Cyprus has been divided since 1974 when Turkey invaded the north in response to a military coup on the island which was backed by the Athens government.
In 1974 the island was effectively partitioned with the northern third inhabited by Turkish Cypriots and the southern two-thirds by Greek Cypriots.
The UN peacekeeping forces estimate that 165,000 Greek Cypriots fled or were expelled from the north, and 45,000 Turkish Cypriots from the south, although the parties to the conflict say the figures are higher.
The UN Buffer Zone, commonly called the “Green Line”, dividing the two parts from Morphou through Nicosia to Famagusta, is patrolled by United Nations troops.
The UN drew up the Green Line as a ceasefire demarcation line in 1963 after intervening to end communal tension. It became impassable after the Turkish invasion of 1974, except for designated crossing points.
North declares independence
In 1983 the Turkish-held area declared itself the Turkish Republic of Northern Cyprus. The status of Northern Cyprus as a separate entity is recognised only by Turkey, which keeps around 30,000 troops in the north of the island.
The prospect of EU enlargement concentrated minds in the search for a settlement. UN-sponsored negotiations continued throughout 2002 and a peace plan was tabled. Soon afterwards the EU invited Cyprus to become a member.

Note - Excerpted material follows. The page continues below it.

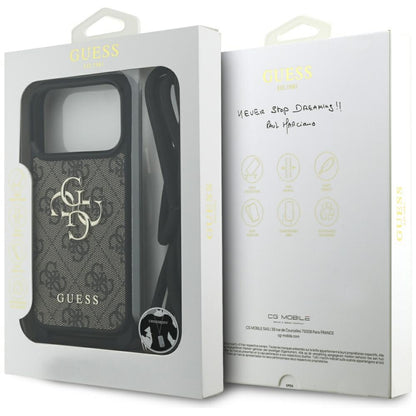 Tok a Apple iPhone 17 Pro-hoz, Guess, Crossbody Cord 4G Big Log, Barna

But hopes that the island could join united were dashed when leaders of the Turkish and Greek communities failed to agree to the UN plan by the March 2003 deadline.

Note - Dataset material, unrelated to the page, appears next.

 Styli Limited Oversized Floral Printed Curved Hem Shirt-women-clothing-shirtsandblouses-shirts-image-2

In the months that followed travel restrictions were eased, enabling people to cross the border for the first time in nearly 30 years. But hopes of larger progress continued to be disappointed.
Hopes on hold
A revised UN reunification plan was put to both communities in April 2004. Turkish Cypriots endorsed the plan but Greek Cypriots overwhelmingly rejected it, and so the island remained divided as it joined the EU in May.
Hopes rose again briefly after the election of leftwing Turkish Cypriot leader Mehmet Ali Talat, who agreed to talks on reunification with the new Communist president of Cyprus, Demetris Christophas, in 2008. The victory of nationalists at parliamentary and later presidential elections in the north over the following two years brought talks to an end.

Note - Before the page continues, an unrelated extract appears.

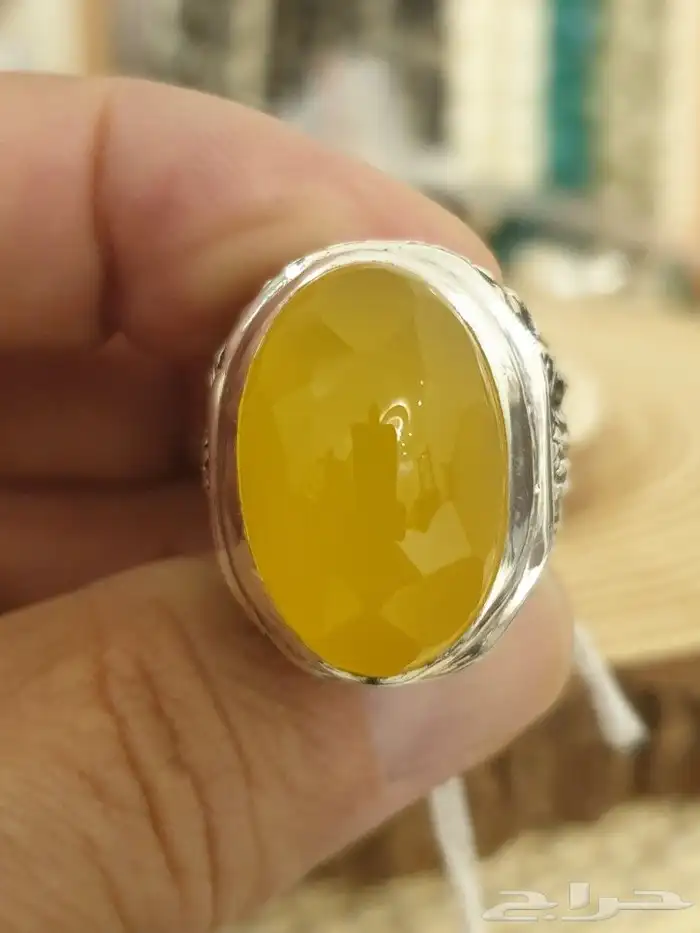 خاتم عقيق يماني اصفر شرف الشمس 17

After independence from Britain in 1960, Cyprus successfully diversified its largely agrarian economy into one based on services – including a large tourism sector – and light manufacturing. More recently it has also developed into an important financial hub, especially for investors from Russia and Eastern Europe.
But in 2012, Cyprus’ economy was badly hit by its extensive exposure to recession-hit economy of Greece, and the country was forced to seek emergency help from international lenders.
Russian investors were particularly affected by the collapse of the Cyprus economy, but despite this Russia continues to have significant financial interests in the island.
And when the EU imposed sanctions on Russia in response to its role in the Ukraine crisis in 2014-15, Cyprus was one of a handful of EU members to voice serious reservations over the move.